### Records supplied
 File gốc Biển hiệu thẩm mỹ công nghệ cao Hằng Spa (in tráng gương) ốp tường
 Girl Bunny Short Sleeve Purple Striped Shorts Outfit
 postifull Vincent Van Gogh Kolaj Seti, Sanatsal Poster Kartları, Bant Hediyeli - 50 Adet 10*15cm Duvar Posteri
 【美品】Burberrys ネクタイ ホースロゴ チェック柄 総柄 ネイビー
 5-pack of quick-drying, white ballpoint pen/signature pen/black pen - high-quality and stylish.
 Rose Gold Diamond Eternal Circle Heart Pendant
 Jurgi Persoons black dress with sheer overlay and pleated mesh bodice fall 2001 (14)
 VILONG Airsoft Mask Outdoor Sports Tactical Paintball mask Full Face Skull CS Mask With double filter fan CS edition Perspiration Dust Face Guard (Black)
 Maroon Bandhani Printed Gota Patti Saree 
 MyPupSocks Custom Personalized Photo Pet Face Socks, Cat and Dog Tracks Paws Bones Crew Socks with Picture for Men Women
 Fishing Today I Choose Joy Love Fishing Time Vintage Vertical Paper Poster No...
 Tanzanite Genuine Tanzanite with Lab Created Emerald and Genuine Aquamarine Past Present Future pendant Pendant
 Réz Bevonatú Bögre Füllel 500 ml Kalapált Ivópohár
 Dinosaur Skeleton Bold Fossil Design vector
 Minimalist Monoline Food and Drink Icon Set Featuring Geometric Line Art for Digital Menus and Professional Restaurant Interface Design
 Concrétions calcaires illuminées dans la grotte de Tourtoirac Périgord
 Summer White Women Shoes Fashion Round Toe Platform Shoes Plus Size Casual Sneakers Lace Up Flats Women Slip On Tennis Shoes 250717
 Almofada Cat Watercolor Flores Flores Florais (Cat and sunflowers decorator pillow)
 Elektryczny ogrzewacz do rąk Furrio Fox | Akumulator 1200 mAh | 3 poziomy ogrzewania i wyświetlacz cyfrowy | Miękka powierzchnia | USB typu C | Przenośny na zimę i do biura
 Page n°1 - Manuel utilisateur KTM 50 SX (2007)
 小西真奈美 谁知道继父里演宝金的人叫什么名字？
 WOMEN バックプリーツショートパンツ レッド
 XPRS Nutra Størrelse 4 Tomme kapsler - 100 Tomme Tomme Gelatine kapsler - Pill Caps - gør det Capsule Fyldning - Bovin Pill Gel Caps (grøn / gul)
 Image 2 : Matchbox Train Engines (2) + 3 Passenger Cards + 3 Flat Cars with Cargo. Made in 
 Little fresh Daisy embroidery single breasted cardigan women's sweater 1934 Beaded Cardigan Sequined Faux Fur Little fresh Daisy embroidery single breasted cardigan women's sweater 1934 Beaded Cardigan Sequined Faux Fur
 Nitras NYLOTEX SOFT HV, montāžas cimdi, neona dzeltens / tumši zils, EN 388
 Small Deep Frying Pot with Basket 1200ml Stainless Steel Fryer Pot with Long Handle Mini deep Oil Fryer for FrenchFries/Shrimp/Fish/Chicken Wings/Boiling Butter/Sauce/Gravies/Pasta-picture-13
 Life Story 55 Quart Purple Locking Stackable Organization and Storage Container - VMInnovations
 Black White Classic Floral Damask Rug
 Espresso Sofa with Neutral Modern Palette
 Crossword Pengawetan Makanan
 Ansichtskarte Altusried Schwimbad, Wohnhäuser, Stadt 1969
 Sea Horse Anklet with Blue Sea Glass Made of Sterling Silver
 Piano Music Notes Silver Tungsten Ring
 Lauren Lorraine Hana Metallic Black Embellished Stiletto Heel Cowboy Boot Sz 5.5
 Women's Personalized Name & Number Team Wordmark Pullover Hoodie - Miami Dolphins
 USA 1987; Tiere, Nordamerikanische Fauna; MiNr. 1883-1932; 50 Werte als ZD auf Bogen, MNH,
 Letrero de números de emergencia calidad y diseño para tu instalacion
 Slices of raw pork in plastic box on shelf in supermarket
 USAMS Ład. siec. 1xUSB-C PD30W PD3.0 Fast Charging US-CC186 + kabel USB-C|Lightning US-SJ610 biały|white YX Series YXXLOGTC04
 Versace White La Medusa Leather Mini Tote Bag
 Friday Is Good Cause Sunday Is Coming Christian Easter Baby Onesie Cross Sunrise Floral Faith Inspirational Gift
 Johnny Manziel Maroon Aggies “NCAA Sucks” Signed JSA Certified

### What to do
Copy all lines from the material above that hold the word "Design".

### Written answer
 Dinosaur Skeleton Bold Fossil Design vector
 Minimalist Monoline Food and Drink Icon Set Featuring Geometric Line Art for Digital Menus and Professional Restaurant Interface Design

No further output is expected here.